■ Exercise data:
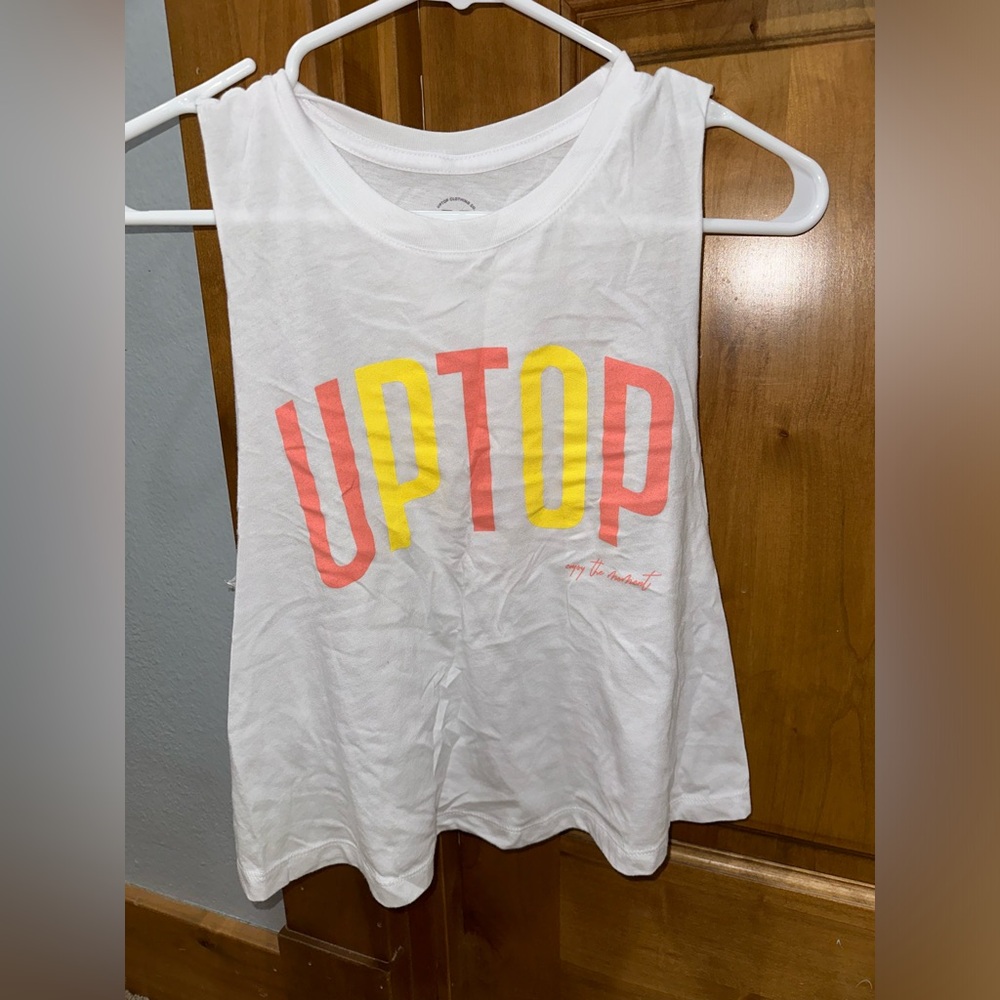 yellow and pink uptop muscle tee
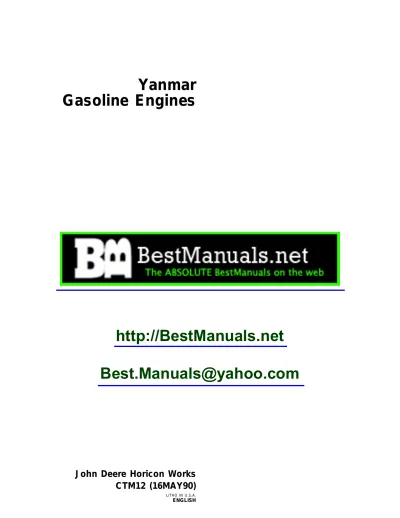 1990 Yanmar 3TG66/3TG72 Gasoline Engine Component Manual (P/N 150196)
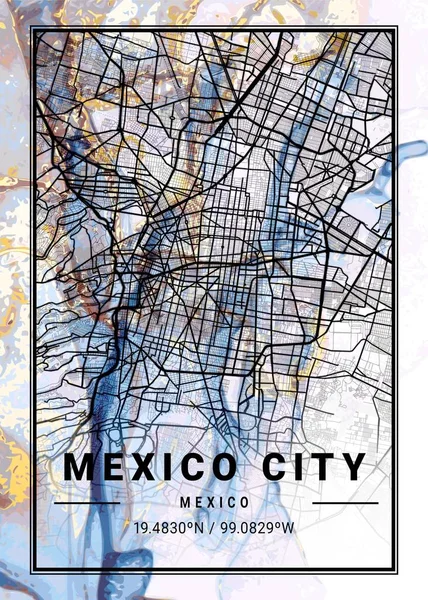 Mexiko Stadt Mexiko Kamille Marmor Karte Ist Eine Wunderschöne Kopie — Stockfoto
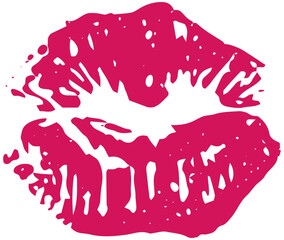 Pink-red kiss lips print. A woman mouth. A trace of lipstick. Rough vector clipart isolated on transparent background. Grunge hand-drawn design element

■ Description of the task:
In the data, the line that contains "1990 Yanmar 3TG66/3TG72" begins the part to write out; restate it and each line after it word for word through the end, with no pictures.

■ Solution:
 1990 Yanmar 3TG66/3TG72 Gasoline Engine Component Manual (P/N 150196)
 Mexiko Stadt Mexiko Kamille Marmor Karte Ist Eine Wunderschöne Kopie — Stockfoto
 Pink-red kiss lips print. A woman mouth. A trace of lipstick. Rough vector clipart isolated on transparent background. Grunge hand-drawn design element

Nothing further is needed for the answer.